Assigned task:
Two lines in the data below mark the range: the one with "#Liberty #TheTower #Atrius" and the one with "Women Kansas City". Return both, along with every line between them, exactly.

Dataset entries:
════════════════
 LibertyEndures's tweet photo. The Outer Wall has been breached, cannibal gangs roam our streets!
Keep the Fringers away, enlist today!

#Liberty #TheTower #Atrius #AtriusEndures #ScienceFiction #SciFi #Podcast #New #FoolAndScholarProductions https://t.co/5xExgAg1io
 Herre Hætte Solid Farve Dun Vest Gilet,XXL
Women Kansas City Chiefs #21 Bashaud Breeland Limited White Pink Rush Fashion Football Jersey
════════════════
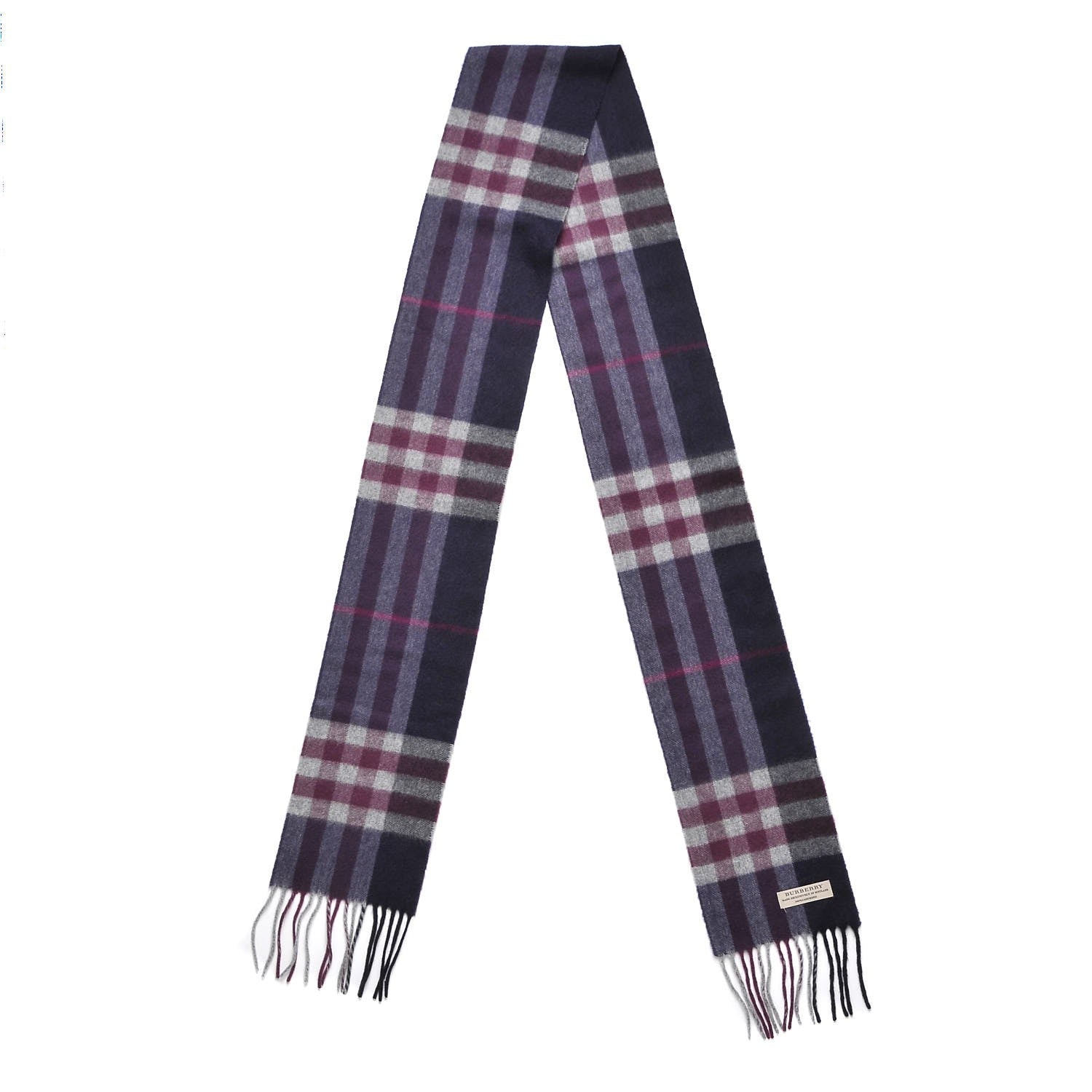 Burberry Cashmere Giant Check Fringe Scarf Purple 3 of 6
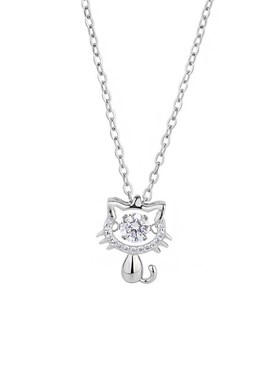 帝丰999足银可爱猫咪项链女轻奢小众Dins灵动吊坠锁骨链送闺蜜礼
════════════════
Completed exercise:
#Liberty #TheTower #Atrius #AtriusEndures #ScienceFiction #SciFi #Podcast #New #FoolAndScholarProductions https://t.co/5xExgAg1io
 Herre Hætte Solid Farve Dun Vest Gilet,XXL
Women Kansas City Chiefs #21 Bashaud Breeland Limited White Pink Rush Fashion Football Jersey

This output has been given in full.